When the leader is hell bent on pushing his (hidden) agenda, irrespective of divergent views from the core team, then those team members are virtually not with the leader. These members would start to question the motives, words and actions. Soon the leader loses the trust and without trust, the leader loses his ability to influence others.
But all this fails to cut any ice and CMD successfully pushes his agenda. As per the limited data given in the case, where CMD's conduct and leadership style is largely implied and not explicitly depicted in the case, the leadership style of CMD appears to be an Autocratic Leadership.
As against that, he is told curtly "Be optimistic, do not see things from a myopic vision". Whereas the Director Finance had not shared any of his personal views - he had only presented hard data!!!
Researchers have also found that autocratic leadership often results in a lack of creative solutions to problems, which can ultimately hurt the group from performing. Come to think of it, if I know that my (valuable) contributions are going to be snubbed upon, next time I will be looking the other way as ultimately only the ideas generated brilliantly by the CMD are going to be 'most practical', 'strategically right' and eventually implemented, irrespective of the consequences - like in the current case.

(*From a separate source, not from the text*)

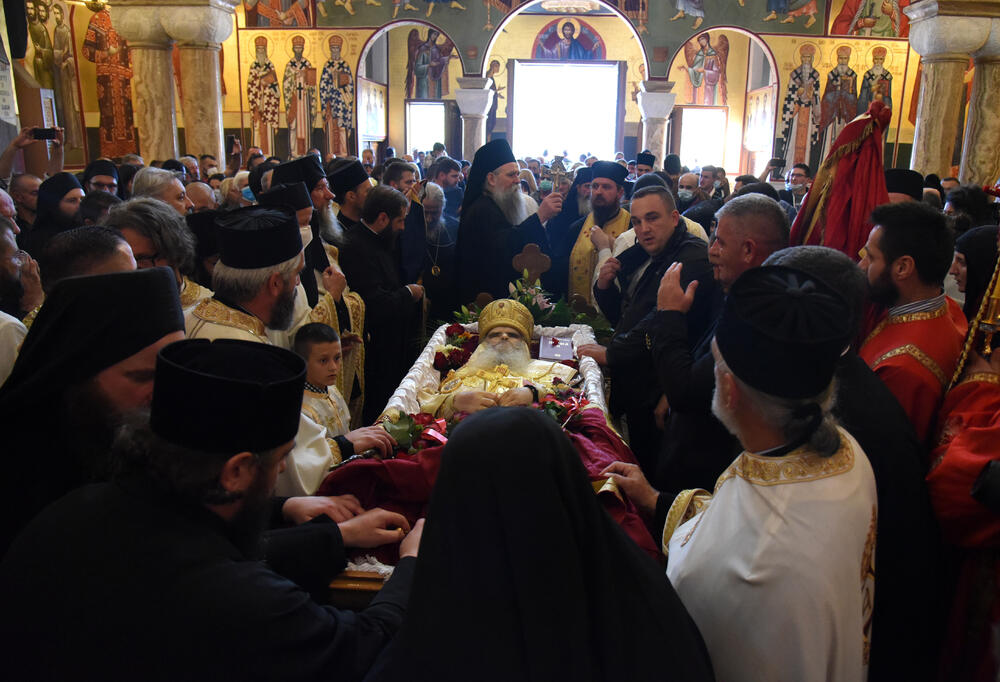 <p>Porodice sa djecom, stari i mladi došli su da odaju posljednju počast mitropolitu Amfilohiju koji je preminuo u petak, u 83. godini, u Kliničkom centru Crne Gore, usljed komplikacija izazvanih koronavirusom</p>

If the situation is of any emergency or where it's a small group having no leadership or in situations that are particularly stressful, such as during military conflicts - group members may prefer an autocratic style. This helps the members to focus on performing their specific tasks without worrying about making complex decisions.
Business Acumen of CMD
Business acumen demands intense mental activity. When the Director Finance presented the harsh facts to him, he should have done his calculation and understood if the company should be taking such an aggressive risk or no. A debt of 20000 Cr and an additional requirement of 70000 Cr is a herculean order by any standards. Business requirements warranted that this investment, even if someone makes it, taking huge risks - needed to generate revenues at the earliest. A delay of 5 long years that resulted in project cost rising three times was suicidal by most moderate terms.
Given that MAIL performed very well during the preceding three years, the top management lead by CMD should have done a detailed analysis to understand, if the company did something brilliant to earn 5000 crores or were the market conditions primarily responsible for such stupendous performance - given the cyclic nature of the industry. After doing this basic analysis, a joint decision either ways could have been a life saver for MAIL.
MAIL is in a recarious situation. They are in a financial mess, to say the least. Based on the data available in the case - the company has limited choices:
1) To reduce debts, it should look for such assets that can be encashed. May be there is some extra land that can be sold or redundant P&M (KISCO may have certain P&M that has been replaced by the green field expansion)
3) The IR scenario is again on the verge of a breakdown as the union has waited for 2 years for a wage revision. So the union needs to be formally informed about the financial condition of the company. They should be made an offer to help the management reduce the additional employees by way of a VRS and then be eligible for a discussion on wage increase.